US watchdog says paycheck advances no longer subject to lending law

2 hours ago 2

By Hannah Lang

Mon, December 22, 2025 astatine 9:53 AM CST 1 min read

By Hannah Lang

Dec 22 (Reuters) - A U.S. user concern bureau said connected Monday that fashionable "earned wage" advances connected idiosyncratic paychecks ​do not lucifer user loans, reversing people from guidance the ‌regulator enactment retired past twelvemonth nether past President Joe Biden.

In an advisory opinion, the ‌U.S. Consumer Financial Protection Bureau said astir paycheck advances were not taxable to the Truth successful Lending Act, meaning that companies that connection the products are not required to supply workers with definite disclosures, specified ⁠as the outgo and ‌terms of credit.

The sentiment is not legally binding, but is intended to supply clarity for manufacture participants, the ‍CFPB said.

A increasing fig of providers connection paycheck advances, including integer slope Chime, which allows customers to entree up to $500 of their wages interest-free earlier payday ​with nary mandatory fees.

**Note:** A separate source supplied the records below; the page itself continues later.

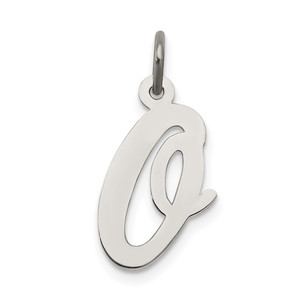 Sterling Silver Rhodium-plated Script Letter O Initial Charm - QC-D77F27AF-5476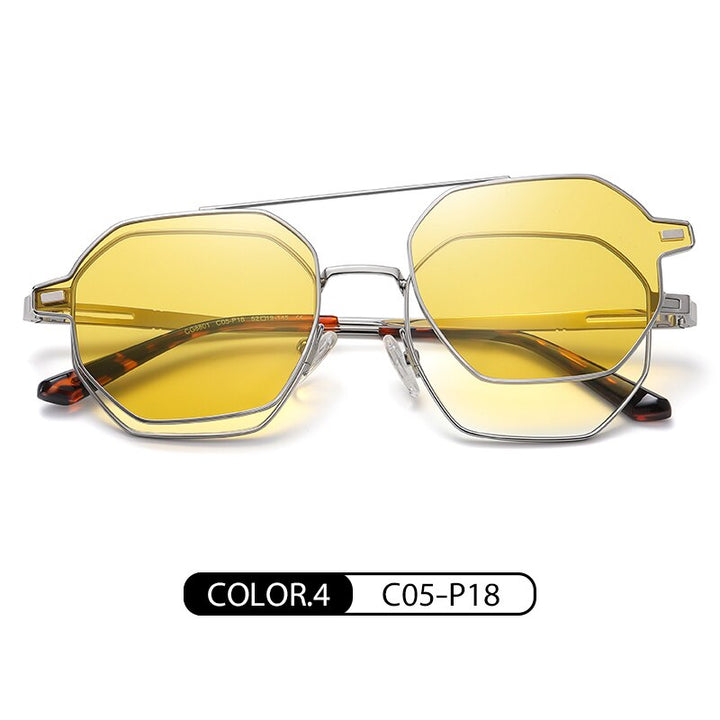 Zirosat Unisex Full Rim Polygon Round Alloy Eyeglasses Clip On Sunglasses CG8801 Clip On Sunglasses Zirosat yellow  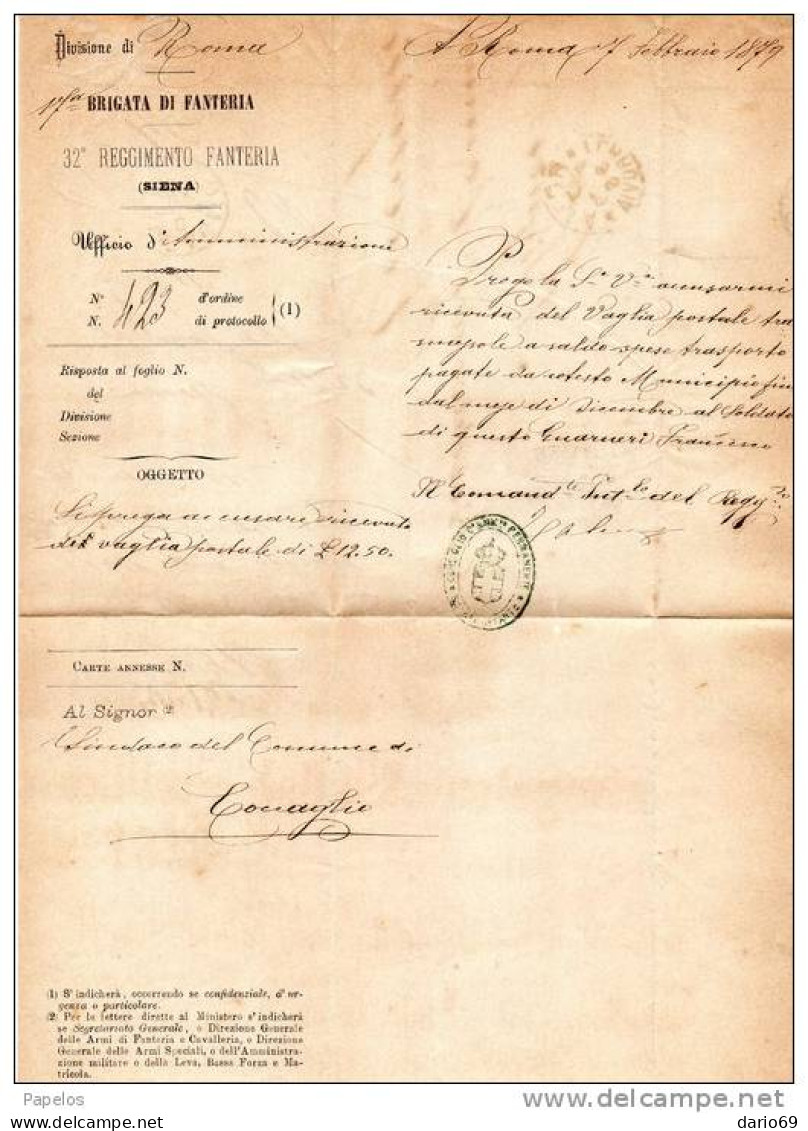 1879  LETTERA CON ANNULLO ROMA + COCCAGLIO BRESCIA - 32° REGGIMENTO FANTERIA - ...-1850 Préphilatélie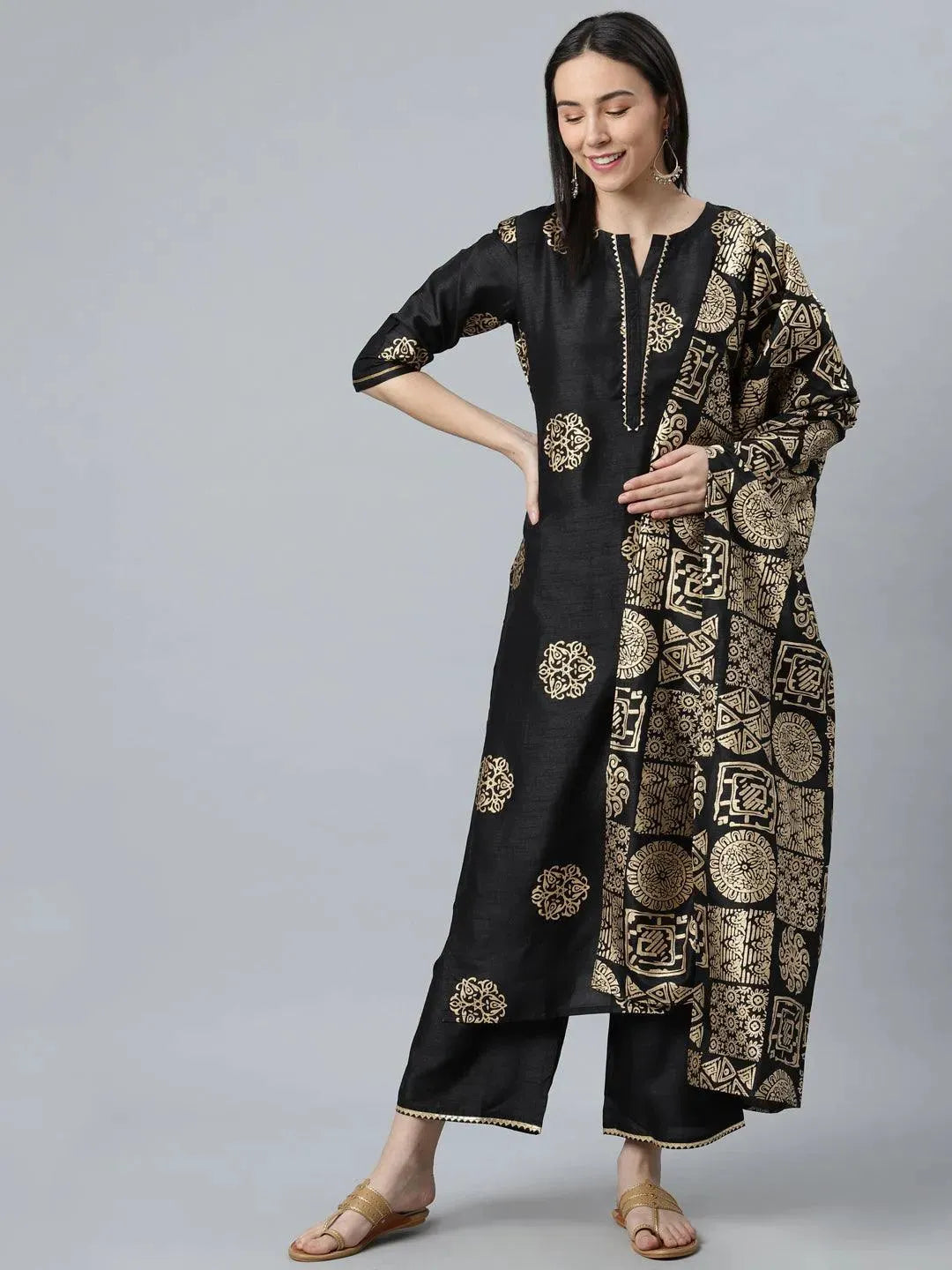 

Buy Black Printed Silk Blend Suit Set - 20179- | Libas Ethnic Wear Online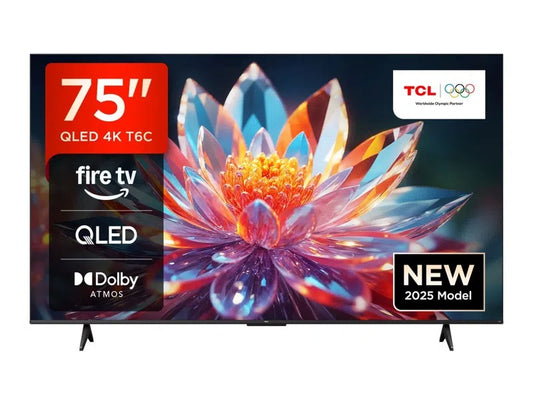 TCL T6C-UK 75 inch QLED 4K HDR 10+ Dolby Vision & Atmos Smart Fire TV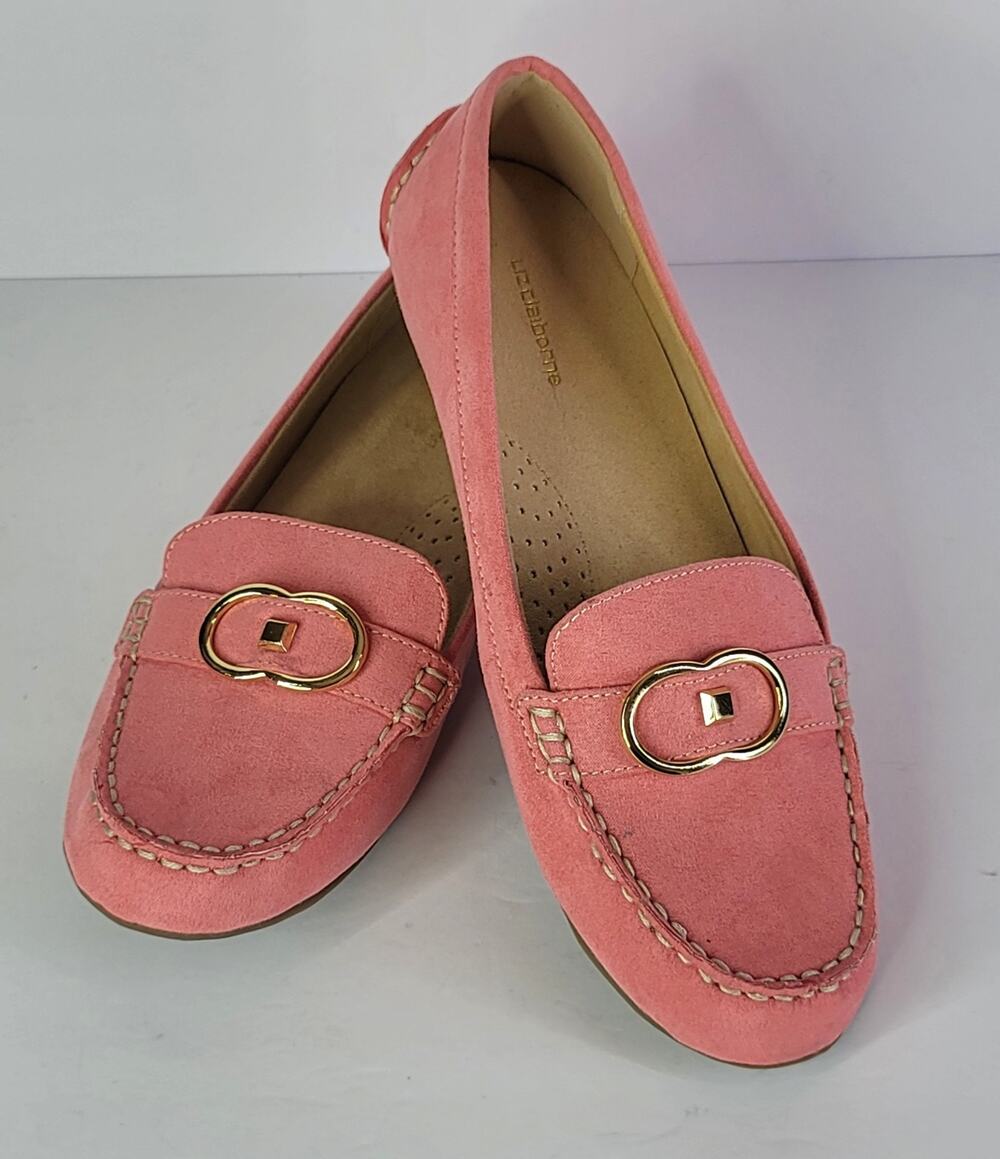 LIZ CLAIBORNE Antonia Coral-Pink Loafers with Gold Tone Buckle Women's Size 9M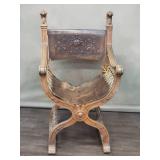 Edwardian Carved Dagobert Chair with Original Leather Sling Seat & Back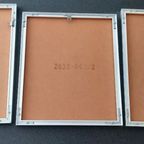 Drieluik Zilver Zwart Metaal Gravures Angerand 3 Dames thumbnail 2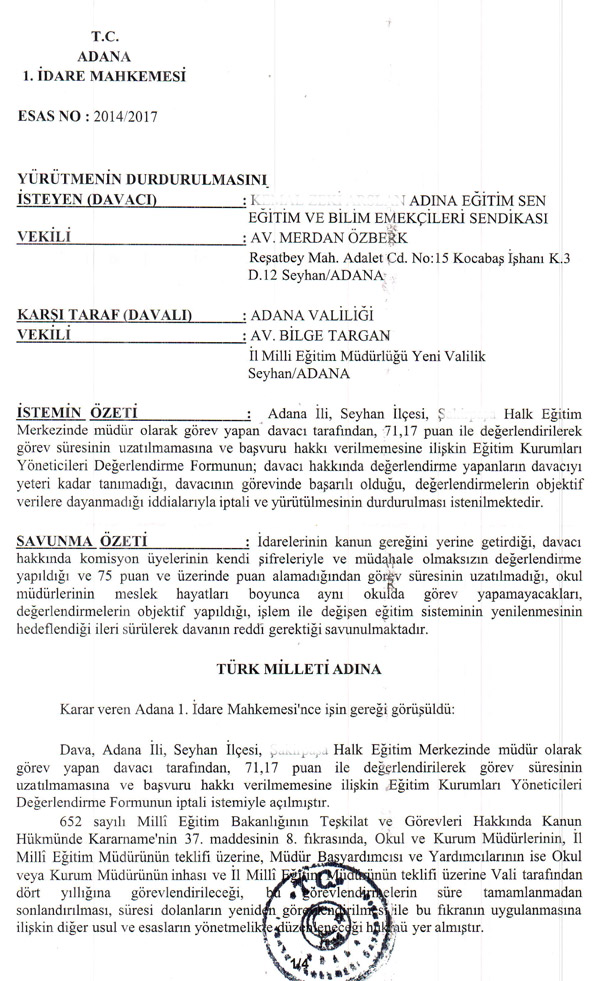 Müdürlük Süresinin Uzatılmamasına Yürütmeyi Durdurma Kararı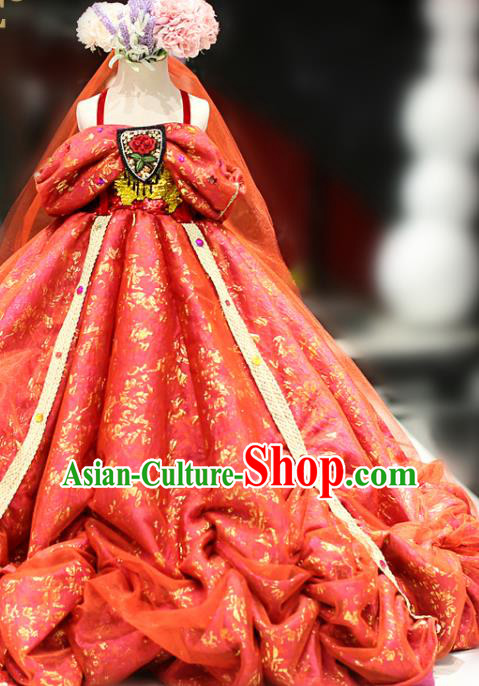 High Children Performance Garments Girl Princess Formal Costume Stage Show Red Trailing Full Dress Kid Catwalks Clothing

Several states including Nevada and Wisconsin person specified ‌in authorities instrumentality that specified products are not loans, but Congress has not passed a instrumentality clarifying the contented connected a national level.

Last year, the CFPB had released interpretive guidance that moved to acceptable national guardrails for the fast-growing market, stipulating that paycheck advances were ⁠equivalent to user loans and arguing that ​doing truthful would supply greater transparency for ​consumers.

Under President Donald Trump, the CFPB has moved to locomotion backmost respective of the agency's actions nether the erstwhile ‍administration, advancing Trump's ⁠effort to curtail policies helium views arsenic a load connected businesses.

Last month, the bureau projected narrowing cardinal civil-rights-era anti-discrimination requirements for ⁠the fiscal industry, pursuing an enforcement bid from Trump earlier successful the twelvemonth ‌to destruct the usage of disparate-impact liability.